Aware of the irreparable damage that synthetic estrogens can trigger in the environment, the search for analytical methods capable of mapping the sources, levels and fate of these micropollutants is a subject that demands enormous scientific effort. The present work follows this trend, reporting a silver nanoparticles/single-walled carbon nanotubes-based composite electrode (AgNP/SWCNT-CPE) that has multiple functionalities for dienestrol (DNL) electroanalysis. Theoretical and experimental data indicate that DNL reactivity on AgNP/SWCNT-CPE is more critical under acidic conditions, favoring its irreversible oxidation to quinone derivatives.

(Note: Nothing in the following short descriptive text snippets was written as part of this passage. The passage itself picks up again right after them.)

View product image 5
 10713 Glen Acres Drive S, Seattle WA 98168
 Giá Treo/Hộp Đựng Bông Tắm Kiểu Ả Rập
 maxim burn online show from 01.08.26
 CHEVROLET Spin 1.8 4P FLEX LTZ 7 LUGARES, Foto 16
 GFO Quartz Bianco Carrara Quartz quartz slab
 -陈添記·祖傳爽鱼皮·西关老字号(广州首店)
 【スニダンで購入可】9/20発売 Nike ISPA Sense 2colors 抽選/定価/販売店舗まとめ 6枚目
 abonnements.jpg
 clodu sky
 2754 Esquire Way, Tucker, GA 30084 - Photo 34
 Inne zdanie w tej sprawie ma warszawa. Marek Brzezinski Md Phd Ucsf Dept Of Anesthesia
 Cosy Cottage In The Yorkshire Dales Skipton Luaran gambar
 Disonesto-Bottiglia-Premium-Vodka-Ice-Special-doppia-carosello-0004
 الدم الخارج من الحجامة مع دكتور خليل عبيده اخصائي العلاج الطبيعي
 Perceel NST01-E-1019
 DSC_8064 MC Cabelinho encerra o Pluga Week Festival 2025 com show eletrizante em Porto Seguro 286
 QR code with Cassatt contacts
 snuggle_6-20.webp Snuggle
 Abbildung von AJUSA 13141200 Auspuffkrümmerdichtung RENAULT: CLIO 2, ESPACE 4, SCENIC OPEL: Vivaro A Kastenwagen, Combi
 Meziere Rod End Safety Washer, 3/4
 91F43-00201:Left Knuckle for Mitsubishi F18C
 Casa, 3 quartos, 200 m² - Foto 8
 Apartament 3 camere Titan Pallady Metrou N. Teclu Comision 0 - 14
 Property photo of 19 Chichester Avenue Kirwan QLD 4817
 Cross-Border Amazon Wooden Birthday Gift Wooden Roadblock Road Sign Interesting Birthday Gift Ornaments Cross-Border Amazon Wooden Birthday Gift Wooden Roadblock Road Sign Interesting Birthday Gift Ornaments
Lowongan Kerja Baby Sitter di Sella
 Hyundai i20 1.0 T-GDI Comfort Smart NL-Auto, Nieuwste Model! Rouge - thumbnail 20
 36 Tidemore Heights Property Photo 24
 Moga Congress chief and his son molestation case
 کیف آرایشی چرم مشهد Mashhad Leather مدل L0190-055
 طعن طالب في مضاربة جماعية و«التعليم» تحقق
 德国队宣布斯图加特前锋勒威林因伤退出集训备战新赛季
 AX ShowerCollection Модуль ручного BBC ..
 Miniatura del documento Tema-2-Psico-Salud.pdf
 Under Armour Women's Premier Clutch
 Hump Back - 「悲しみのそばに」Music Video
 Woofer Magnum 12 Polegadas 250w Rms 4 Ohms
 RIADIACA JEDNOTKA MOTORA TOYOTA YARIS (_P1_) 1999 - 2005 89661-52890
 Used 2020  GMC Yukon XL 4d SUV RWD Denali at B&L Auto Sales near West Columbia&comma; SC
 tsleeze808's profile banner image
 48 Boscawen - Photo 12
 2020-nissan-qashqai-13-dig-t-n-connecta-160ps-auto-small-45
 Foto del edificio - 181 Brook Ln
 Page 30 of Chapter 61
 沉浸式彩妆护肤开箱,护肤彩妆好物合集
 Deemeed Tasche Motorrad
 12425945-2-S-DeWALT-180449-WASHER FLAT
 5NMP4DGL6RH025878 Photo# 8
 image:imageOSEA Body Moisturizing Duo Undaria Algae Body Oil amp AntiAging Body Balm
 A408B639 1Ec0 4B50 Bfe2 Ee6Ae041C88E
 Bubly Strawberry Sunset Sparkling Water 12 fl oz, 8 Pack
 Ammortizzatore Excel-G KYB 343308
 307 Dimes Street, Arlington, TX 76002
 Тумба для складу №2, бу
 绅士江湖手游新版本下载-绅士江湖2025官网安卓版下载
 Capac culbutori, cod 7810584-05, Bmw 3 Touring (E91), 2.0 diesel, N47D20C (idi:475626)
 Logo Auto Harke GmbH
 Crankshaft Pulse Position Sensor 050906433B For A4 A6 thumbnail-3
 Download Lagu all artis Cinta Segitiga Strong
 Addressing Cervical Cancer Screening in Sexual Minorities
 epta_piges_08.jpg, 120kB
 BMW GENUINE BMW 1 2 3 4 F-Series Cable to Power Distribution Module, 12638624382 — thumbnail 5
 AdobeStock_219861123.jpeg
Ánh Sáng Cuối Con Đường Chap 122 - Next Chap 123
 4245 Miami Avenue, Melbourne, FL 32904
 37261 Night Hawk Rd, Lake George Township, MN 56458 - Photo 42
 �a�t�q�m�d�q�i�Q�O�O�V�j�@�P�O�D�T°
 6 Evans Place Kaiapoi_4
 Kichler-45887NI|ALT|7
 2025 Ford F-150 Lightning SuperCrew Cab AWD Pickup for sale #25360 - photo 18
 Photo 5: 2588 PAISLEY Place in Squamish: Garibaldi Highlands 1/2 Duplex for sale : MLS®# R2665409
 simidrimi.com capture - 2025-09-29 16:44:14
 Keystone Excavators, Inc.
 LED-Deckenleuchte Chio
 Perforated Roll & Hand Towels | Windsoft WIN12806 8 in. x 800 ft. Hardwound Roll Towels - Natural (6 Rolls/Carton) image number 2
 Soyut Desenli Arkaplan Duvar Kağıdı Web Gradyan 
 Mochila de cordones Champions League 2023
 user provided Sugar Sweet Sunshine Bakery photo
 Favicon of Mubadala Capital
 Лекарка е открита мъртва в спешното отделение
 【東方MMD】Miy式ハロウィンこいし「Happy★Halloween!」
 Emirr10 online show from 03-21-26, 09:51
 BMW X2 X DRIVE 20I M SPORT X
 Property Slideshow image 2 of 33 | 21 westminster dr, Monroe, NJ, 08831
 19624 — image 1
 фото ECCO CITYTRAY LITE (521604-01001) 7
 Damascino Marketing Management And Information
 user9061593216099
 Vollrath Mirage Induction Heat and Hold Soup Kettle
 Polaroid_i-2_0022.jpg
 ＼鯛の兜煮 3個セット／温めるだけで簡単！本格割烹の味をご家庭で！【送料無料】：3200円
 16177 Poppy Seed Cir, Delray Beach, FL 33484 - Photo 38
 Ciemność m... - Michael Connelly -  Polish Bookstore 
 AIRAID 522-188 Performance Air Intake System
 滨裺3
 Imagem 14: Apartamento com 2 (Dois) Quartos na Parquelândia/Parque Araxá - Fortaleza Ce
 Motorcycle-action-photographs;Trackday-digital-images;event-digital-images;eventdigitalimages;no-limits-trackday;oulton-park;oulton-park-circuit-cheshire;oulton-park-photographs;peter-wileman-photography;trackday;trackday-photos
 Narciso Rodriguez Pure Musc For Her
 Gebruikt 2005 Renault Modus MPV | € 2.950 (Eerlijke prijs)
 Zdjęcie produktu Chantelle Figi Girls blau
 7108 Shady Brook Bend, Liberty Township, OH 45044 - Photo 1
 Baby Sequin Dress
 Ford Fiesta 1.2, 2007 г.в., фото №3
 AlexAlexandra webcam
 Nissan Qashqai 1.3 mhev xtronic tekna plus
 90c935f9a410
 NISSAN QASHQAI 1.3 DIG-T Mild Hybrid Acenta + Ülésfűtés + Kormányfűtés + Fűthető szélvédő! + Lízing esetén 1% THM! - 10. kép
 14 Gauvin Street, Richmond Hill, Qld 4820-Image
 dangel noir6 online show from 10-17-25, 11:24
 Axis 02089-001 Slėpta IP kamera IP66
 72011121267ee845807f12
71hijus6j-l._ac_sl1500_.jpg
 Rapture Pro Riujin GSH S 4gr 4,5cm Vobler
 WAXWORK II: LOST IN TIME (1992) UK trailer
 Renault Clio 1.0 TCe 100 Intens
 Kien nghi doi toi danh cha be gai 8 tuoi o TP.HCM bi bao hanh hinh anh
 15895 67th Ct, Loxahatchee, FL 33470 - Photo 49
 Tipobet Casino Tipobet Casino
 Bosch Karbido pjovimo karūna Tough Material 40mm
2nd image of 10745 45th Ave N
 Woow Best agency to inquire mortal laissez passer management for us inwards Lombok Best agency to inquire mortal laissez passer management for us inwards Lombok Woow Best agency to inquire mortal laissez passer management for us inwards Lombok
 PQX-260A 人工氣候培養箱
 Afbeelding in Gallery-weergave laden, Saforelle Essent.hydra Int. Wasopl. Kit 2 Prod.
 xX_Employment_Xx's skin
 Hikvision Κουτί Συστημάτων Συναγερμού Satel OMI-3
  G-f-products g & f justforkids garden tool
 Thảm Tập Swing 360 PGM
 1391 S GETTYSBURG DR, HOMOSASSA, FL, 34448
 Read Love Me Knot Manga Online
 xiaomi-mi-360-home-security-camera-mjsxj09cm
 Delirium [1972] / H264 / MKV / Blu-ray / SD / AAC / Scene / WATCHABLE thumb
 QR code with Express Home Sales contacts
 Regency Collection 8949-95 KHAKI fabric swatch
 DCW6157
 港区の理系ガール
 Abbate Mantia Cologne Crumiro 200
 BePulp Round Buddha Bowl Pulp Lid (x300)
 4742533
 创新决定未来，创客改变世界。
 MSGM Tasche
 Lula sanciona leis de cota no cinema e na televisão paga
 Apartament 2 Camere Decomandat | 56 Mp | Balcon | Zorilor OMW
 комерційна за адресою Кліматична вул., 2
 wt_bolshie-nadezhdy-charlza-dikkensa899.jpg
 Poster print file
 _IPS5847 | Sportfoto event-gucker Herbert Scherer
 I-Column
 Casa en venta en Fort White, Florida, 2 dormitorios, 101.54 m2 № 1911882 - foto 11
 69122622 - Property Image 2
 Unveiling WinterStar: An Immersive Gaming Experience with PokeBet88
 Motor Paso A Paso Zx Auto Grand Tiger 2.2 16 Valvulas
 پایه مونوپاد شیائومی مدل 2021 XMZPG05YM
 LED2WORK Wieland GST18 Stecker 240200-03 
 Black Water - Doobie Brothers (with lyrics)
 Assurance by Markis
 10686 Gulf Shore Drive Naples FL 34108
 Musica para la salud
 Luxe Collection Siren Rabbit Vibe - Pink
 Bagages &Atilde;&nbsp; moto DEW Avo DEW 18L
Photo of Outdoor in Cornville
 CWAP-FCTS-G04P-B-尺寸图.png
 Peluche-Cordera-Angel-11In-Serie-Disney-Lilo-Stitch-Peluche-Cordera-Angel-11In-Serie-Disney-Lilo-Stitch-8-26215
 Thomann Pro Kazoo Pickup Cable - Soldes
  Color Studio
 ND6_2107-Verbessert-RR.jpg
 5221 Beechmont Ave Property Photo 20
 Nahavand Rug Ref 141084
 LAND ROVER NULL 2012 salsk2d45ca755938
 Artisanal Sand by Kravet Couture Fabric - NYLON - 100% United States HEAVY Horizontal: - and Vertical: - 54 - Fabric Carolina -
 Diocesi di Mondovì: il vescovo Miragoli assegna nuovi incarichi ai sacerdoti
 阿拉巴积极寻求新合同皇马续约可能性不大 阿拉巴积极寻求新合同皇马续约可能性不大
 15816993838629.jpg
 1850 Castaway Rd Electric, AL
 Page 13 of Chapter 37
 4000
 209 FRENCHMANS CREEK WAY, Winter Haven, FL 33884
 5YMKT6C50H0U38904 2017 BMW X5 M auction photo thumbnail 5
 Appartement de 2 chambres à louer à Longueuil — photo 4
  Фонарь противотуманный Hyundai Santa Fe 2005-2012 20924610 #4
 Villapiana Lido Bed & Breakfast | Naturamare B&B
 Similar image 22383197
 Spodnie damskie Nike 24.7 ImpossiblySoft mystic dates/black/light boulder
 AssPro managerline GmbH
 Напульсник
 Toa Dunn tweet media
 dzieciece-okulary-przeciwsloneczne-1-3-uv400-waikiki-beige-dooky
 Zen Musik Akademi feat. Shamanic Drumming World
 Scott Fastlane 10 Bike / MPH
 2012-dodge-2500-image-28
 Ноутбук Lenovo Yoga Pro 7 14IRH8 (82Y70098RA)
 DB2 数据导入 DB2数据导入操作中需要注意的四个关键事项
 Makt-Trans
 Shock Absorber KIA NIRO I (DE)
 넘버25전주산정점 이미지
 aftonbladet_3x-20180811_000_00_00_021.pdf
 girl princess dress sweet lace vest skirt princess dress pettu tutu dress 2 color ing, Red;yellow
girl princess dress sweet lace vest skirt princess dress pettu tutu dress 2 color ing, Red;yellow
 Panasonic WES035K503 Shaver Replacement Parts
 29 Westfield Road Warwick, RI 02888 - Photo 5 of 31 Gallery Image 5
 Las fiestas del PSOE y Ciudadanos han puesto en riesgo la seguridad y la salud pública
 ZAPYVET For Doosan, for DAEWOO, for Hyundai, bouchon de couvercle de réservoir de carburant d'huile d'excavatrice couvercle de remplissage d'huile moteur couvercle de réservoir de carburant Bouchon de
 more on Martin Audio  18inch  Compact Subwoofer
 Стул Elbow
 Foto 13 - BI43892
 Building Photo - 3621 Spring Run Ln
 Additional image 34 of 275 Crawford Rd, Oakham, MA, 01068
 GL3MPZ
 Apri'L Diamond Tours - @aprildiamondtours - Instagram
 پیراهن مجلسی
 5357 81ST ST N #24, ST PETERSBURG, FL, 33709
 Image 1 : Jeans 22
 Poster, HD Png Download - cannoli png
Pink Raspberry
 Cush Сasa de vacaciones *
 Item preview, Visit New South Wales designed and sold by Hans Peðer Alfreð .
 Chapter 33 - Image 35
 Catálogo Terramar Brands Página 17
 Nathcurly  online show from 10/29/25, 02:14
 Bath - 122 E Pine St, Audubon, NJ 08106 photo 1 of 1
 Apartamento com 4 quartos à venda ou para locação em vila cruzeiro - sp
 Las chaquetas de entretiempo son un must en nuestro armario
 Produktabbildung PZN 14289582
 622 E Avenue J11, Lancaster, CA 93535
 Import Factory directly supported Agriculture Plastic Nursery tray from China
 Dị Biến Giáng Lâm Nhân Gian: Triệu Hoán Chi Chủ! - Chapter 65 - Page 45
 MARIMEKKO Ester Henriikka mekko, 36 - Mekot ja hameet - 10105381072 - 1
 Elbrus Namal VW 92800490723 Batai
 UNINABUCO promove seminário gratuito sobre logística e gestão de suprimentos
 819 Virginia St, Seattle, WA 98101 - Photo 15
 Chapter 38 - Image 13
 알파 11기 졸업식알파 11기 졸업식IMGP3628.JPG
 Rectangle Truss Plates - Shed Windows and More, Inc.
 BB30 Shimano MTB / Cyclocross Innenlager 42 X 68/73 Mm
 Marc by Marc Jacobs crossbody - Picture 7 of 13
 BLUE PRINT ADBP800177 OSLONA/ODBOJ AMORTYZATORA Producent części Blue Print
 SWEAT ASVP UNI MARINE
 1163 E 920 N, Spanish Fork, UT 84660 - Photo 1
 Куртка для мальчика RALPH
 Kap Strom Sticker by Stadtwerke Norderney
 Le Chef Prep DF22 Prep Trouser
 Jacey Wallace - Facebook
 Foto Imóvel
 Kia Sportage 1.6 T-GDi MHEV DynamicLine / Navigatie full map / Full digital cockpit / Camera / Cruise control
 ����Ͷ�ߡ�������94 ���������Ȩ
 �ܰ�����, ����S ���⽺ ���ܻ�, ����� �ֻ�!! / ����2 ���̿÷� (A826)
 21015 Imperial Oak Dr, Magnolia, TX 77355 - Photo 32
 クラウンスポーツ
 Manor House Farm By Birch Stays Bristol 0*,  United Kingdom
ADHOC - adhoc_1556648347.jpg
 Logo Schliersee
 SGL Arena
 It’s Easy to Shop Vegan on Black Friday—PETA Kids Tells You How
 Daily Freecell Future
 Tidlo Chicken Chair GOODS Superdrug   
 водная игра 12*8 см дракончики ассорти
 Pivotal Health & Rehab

The reaction kinetics is limited by interfacial adsorption events, whose intensity of the molecule-surface interaction depends on variables such as Gibbs free energy, ionization potential, HOMO-LUMO gap, and dipole moment. Since the silver‑carbon heterojunction has low overpotential towards the oxygen evolution reaction, it is speculated that AgNP/SWCNT-CPE is more resistant to surface fouling due to the formation of chemisorbed radicals on its electroactive area. Based on the detection limit (43.7 nmol L−1 DNL), the analytical performance of the proposed method is equivalent to those attained by chemiluminescence, electrophoresis, chromatography and electrochemistry. Given the sensitivity obtained, AgNP/SWCNT-CPE was successfully used to quantify DNL in river waters containing different levels of organic matter, without compromising the accuracy, stability and robustness of the amperometric measurements, reiterating the reliability and feasibility of this proposal.